The Welsh international appeared to collide with Argyle defender Mumba in the penalty area during the first half at Elland Road, but referee Josh Smith waved away Plymouth's appeals for a spot-kick.
Speaking after the match, Schumacher said he could hear the contact between the two players and was informed by the fourth official that the pair had come together innocuously.
"Another big call has gone against us at a big ground and that seems to happen every week," the 39-year-old began.
"The one that was close to me was Bali when he gets into the box, you can hear the contact, the two lads' boots collided. You can hear the contact, there was no contact on the ball from their player, so again I can't understand how it's not a foul.
"Trying to ask the referee and the fourth official at the time why isn't that a foul and the answer we got was that it was just a coming together. Now, if it's a coming together in the box when our player's in control of it and the Leeds player doesn't make contact with it, that's a foul, it's a penalty."
Schumacher's thoughts were echoed on Sky Sports' Soccer Saturday programme by former Premier League referee Mike Dean.
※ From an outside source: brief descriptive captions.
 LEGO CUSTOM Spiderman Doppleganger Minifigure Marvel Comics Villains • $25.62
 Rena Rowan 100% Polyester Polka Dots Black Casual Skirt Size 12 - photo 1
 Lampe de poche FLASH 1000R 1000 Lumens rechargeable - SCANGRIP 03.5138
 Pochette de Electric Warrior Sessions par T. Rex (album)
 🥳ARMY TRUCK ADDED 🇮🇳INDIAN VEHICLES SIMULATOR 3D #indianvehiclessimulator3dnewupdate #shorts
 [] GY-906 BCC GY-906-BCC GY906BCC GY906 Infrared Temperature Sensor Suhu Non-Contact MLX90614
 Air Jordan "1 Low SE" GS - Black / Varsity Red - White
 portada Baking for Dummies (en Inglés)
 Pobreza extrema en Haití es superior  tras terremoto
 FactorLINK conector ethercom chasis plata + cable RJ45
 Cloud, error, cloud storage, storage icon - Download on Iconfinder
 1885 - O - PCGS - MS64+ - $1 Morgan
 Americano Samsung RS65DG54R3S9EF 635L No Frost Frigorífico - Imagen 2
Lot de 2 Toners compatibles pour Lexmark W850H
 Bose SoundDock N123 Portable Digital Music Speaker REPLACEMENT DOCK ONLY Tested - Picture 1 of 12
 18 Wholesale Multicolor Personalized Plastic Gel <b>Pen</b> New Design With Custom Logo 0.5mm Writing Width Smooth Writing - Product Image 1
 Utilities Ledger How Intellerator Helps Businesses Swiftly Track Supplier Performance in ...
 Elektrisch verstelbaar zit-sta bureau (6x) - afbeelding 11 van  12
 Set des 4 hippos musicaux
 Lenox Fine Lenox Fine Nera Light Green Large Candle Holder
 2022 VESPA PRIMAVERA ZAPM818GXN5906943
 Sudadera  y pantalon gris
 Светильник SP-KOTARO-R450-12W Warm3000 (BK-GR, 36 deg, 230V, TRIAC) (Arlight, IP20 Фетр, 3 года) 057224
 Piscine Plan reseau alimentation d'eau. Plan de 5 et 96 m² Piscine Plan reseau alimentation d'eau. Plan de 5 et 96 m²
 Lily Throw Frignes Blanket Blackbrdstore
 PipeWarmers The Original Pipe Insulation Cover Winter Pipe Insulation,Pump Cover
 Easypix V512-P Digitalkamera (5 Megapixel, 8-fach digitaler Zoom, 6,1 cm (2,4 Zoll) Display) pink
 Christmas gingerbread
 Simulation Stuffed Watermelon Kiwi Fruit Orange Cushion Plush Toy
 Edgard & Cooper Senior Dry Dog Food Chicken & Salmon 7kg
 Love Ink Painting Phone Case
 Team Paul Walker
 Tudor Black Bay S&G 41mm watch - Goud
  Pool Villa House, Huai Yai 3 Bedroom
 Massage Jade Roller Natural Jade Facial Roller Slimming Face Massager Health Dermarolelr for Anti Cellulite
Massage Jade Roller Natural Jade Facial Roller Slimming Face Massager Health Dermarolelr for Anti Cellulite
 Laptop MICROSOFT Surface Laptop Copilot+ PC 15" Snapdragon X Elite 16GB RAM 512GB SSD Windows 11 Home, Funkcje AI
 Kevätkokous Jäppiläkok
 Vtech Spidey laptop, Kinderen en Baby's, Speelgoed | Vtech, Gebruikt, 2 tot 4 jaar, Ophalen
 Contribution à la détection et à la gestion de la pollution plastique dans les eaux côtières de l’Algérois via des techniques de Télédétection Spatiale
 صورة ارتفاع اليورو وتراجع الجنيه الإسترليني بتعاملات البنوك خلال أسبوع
He said Ampadu's challenge should have resulted in a spot-kick for the away side.
“We’ve seen the replay from behind the goal, he doesn’t play the ball, it’s a penalty,” Dean said.
Leeds had penalty appeals of their own during the 2-1 win at Elland Road, none of which were awarded. Daniel Farke suggested at full-time that he should feel the more aggrieved of the two managers, owing to decisions made the match official.